### [Problem details]
For the full listing below, write out each entry exactly and exclude the images.

### [Data to examine]
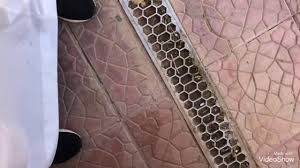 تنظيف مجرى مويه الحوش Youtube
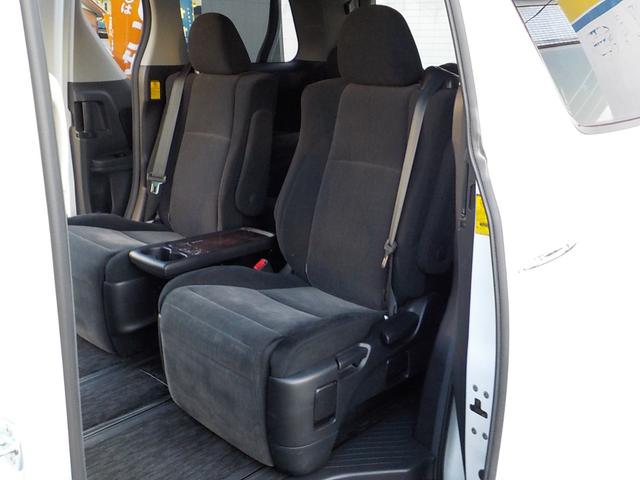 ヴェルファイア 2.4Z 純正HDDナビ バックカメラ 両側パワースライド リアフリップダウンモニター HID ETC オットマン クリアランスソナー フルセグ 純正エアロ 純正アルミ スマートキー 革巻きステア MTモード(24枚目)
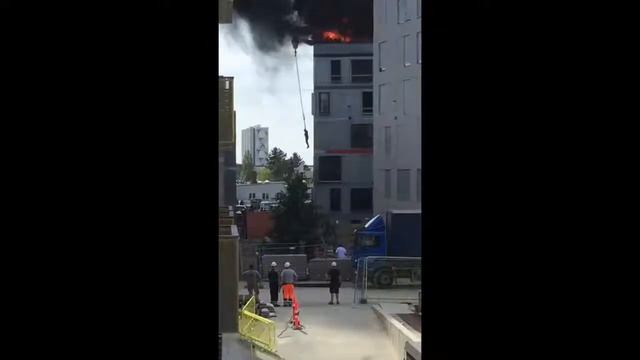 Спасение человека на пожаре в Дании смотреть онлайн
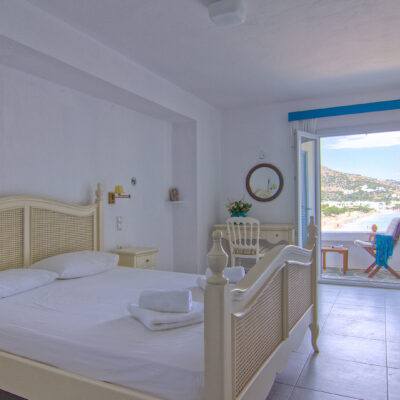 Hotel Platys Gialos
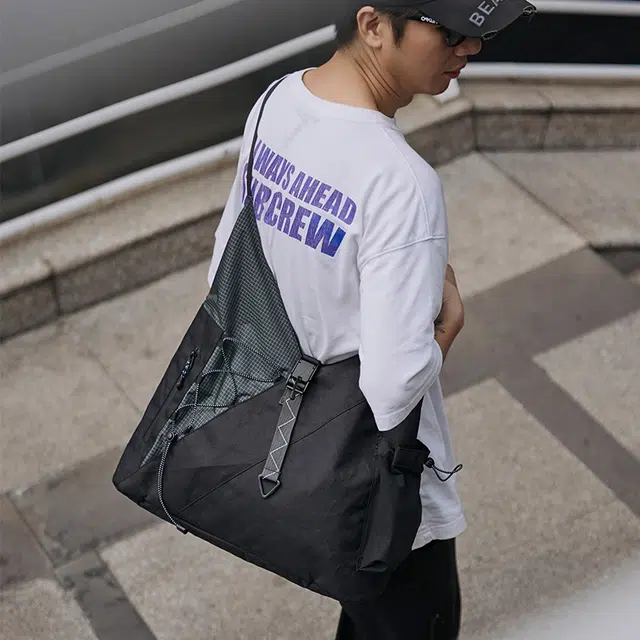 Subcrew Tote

### [Result]
 تنظيف مجرى مويه الحوش Youtube
 ヴェルファイア 2.4Z 純正HDDナビ バックカメラ 両側パワースライド リアフリップダウンモニター HID ETC オットマン クリアランスソナー フルセグ 純正エアロ 純正アルミ スマートキー 革巻きステア MTモード(24枚目)
 Спасение человека на пожаре в Дании смотреть онлайн
 Hotel Platys Gialos
 Subcrew Tote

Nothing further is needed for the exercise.